## ASSIGNMENT
The reply should consist of every entry, repeated exactly.
-----
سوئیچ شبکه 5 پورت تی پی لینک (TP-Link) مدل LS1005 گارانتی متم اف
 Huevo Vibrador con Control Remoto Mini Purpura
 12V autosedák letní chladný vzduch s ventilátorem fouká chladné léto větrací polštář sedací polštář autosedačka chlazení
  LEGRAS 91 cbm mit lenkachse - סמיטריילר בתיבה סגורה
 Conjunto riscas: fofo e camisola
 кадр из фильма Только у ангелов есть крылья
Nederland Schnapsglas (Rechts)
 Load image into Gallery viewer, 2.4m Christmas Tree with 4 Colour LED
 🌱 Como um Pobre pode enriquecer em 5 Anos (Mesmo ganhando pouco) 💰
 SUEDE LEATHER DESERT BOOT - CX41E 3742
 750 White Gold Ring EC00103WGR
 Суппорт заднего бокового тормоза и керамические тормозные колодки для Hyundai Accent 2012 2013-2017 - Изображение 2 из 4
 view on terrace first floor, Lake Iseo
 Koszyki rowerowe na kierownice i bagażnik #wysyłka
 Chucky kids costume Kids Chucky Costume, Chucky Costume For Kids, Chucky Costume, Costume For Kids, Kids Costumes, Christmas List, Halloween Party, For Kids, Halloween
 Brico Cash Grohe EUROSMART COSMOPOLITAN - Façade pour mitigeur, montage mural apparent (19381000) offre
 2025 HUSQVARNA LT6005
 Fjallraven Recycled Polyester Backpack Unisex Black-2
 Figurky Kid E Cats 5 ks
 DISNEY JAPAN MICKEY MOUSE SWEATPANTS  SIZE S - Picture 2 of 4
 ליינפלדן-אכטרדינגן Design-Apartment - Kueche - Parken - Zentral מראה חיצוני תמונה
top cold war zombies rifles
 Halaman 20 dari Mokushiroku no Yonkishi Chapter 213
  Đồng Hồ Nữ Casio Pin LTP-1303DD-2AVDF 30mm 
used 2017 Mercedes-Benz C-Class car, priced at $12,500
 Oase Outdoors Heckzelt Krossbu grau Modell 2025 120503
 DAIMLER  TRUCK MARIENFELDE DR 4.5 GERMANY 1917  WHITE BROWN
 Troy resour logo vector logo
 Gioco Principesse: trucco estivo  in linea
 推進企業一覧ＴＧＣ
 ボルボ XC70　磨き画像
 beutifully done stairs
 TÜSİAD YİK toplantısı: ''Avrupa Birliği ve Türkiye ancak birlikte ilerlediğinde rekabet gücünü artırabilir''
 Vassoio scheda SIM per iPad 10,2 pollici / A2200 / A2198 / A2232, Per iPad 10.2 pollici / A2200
-----
## OUTPUT FOR THIS EXERCISE
سوئیچ شبکه 5 پورت تی پی لینک (TP-Link) مدل LS1005 گارانتی متم اف
 Huevo Vibrador con Control Remoto Mini Purpura
 12V autosedák letní chladný vzduch s ventilátorem fouká chladné léto větrací polštář sedací polštář autosedačka chlazení
  LEGRAS 91 cbm mit lenkachse - סמיטריילר בתיבה סגורה
 Conjunto riscas: fofo e camisola
 кадр из фильма Только у ангелов есть крылья
Nederland Schnapsglas (Rechts)
 Load image into Gallery viewer, 2.4m Christmas Tree with 4 Colour LED
 🌱 Como um Pobre pode enriquecer em 5 Anos (Mesmo ganhando pouco) 💰
 SUEDE LEATHER DESERT BOOT - CX41E 3742
 750 White Gold Ring EC00103WGR
 Суппорт заднего бокового тормоза и керамические тормозные колодки для Hyundai Accent 2012 2013-2017 - Изображение 2 из 4
 view on terrace first floor, Lake Iseo
 Koszyki rowerowe na kierownice i bagażnik #wysyłka
 Chucky kids costume Kids Chucky Costume, Chucky Costume For Kids, Chucky Costume, Costume For Kids, Kids Costumes, Christmas List, Halloween Party, For Kids, Halloween
 Brico Cash Grohe EUROSMART COSMOPOLITAN - Façade pour mitigeur, montage mural apparent (19381000) offre
 2025 HUSQVARNA LT6005
 Fjallraven Recycled Polyester Backpack Unisex Black-2
 Figurky Kid E Cats 5 ks
 DISNEY JAPAN MICKEY MOUSE SWEATPANTS  SIZE S - Picture 2 of 4
 ליינפלדן-אכטרדינגן Design-Apartment - Kueche - Parken - Zentral מראה חיצוני תמונה
top cold war zombies rifles
 Halaman 20 dari Mokushiroku no Yonkishi Chapter 213
  Đồng Hồ Nữ Casio Pin LTP-1303DD-2AVDF 30mm 
used 2017 Mercedes-Benz C-Class car, priced at $12,500
 Oase Outdoors Heckzelt Krossbu grau Modell 2025 120503
 DAIMLER  TRUCK MARIENFELDE DR 4.5 GERMANY 1917  WHITE BROWN
 Troy resour logo vector logo
 Gioco Principesse: trucco estivo  in linea
 推進企業一覧ＴＧＣ
 ボルボ XC70　磨き画像
 beutifully done stairs
 TÜSİAD YİK toplantısı: ''Avrupa Birliği ve Türkiye ancak birlikte ilerlediğinde rekabet gücünü artırabilir''
 Vassoio scheda SIM per iPad 10,2 pollici / A2200 / A2198 / A2232, Per iPad 10.2 pollici / A2200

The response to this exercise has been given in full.